Get extra lift from AOPA. Start your free membership trial today! Click here

Maneuvers

Sensible or senseless?

When getting my flight instructor certificate renewed by way of a check ride, my curiosity was aroused as I worked through lazy eights and chandelles. "Why," I thought, "am I doing this?" For the life of me, I couldn't figure the role of these maneuvers in air commerce. One reason I knew I was doing them is that they are contained in one of the Federal Aviation Administration's booklets called "Practical Test Standards." These publications spell out what we must do on check rides as well as how skillfully we must do the maneuvers.

After thinking about this and all the things we are required to do for the various certificates and ratings, I concluded that most of the things we do are indeed useful. The trouble is that we don't often realize why they are useful. The result is that check rides become trained-seal acts.

For lazy eights and chandelles, for example, the FAA lists 11 and nine objectives, respectively. Holy things like "coordination of flight controls" are objectives. What is missing is the real objective of both maneuvers: to make certain that the pilot understands and can manage energy. Making the peanut butter and jelly come out even at the end of a chandelle means the pilot was aware of the bleeding off of energy throughout the maneuver. Doing the perfect lazy eight, whether the new way with shallow banks or the old way with steep banks, requires that the pilot know what is going on with the airplane from moment to moment throughout the maneuver. The amount of energy remaining is a constant concern. That is what many maneuvers are about, and it is something that a lot of pilots don't grasp, even when they have a certificate that is fat with words.
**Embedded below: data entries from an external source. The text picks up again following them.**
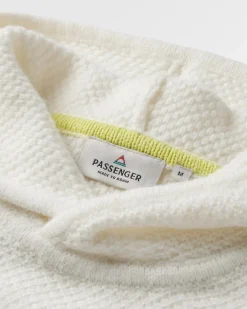 Hoodie Tricoté Recyclé Cove - Blanc Cassé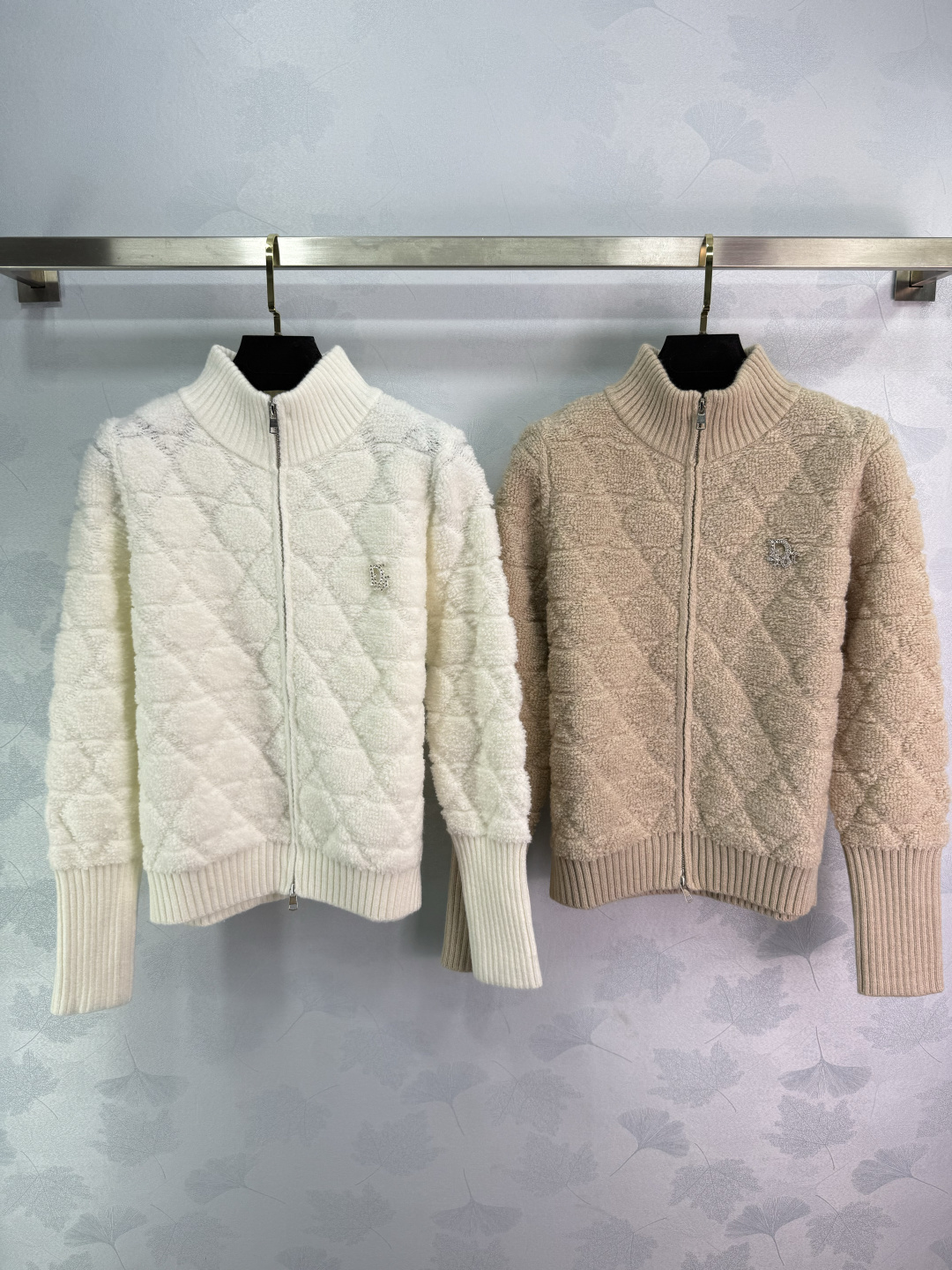 Dior-Inspired Quilted Zip-Up Cardigan: Chic & Cozy Fall Essential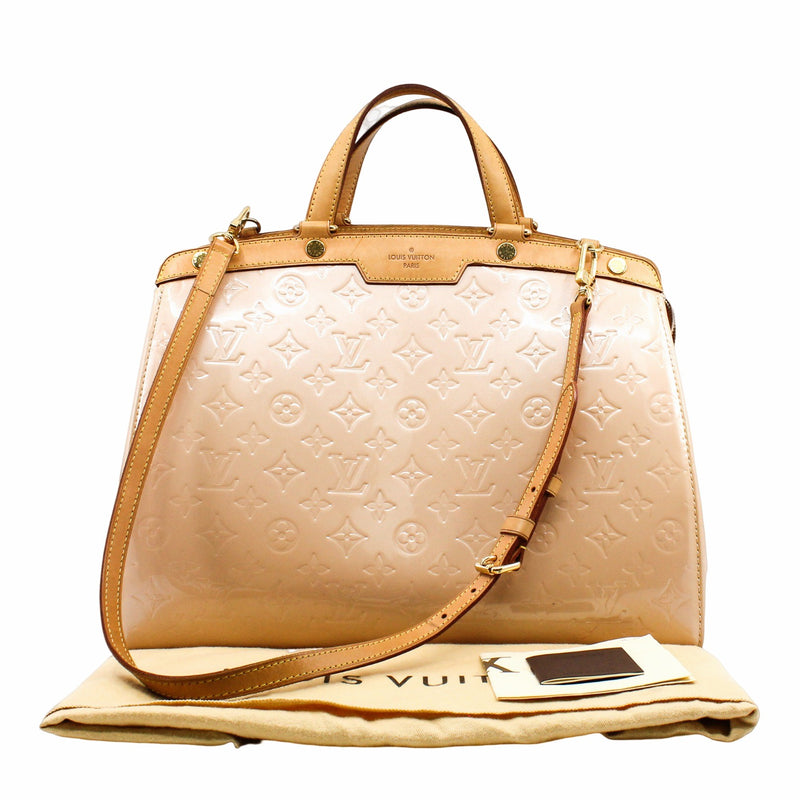 Louis Vuitton Monogram Vernis Brea MM - Neutrals Totes, Handbags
Steep turns of 45 degrees bank are interesting, too, whether done visually or by reference to instruments. They involve some energy management, but despite the fact that they are turns, the main objective is to manage energy as well as to learn something about pitch control. We don't do things in normal flying that require steep turns, but the maneuver can do a lot to sharpen normal flying as well as to teach us something about one of the darker corners of flying.

The steep turn that teaches the most lessons is the one where the power is not increased for the turn and the trim is not changed. That is not the FAA way — it apparently considers the steep turn as more of a maneuver than a learning experience, and on a check ride, you had better do it its way. If you don't increase power, though, you learn more about the bleeding off of energy as the effective weight of the airplane increases with G loading. It can be seen right there on the airspeed indicator. We know that the stalling speed increases with bank angle, and we can see the airspeed decrease. The energy is being used, and the margin is deteriorating.

If you don't change trim, you learn one of the real danger signals in flying — if you are holding a lot of back pressure, you are bleeding off energy, and if you carry this far enough, the airplane will stall. Couple this with the aileron used to combat the overbanking tendency of the airplane, and you see the true warning signal of an impending spin. Lots of back pressure and aileron opposite the turn will do it every time in a lot of airplanes.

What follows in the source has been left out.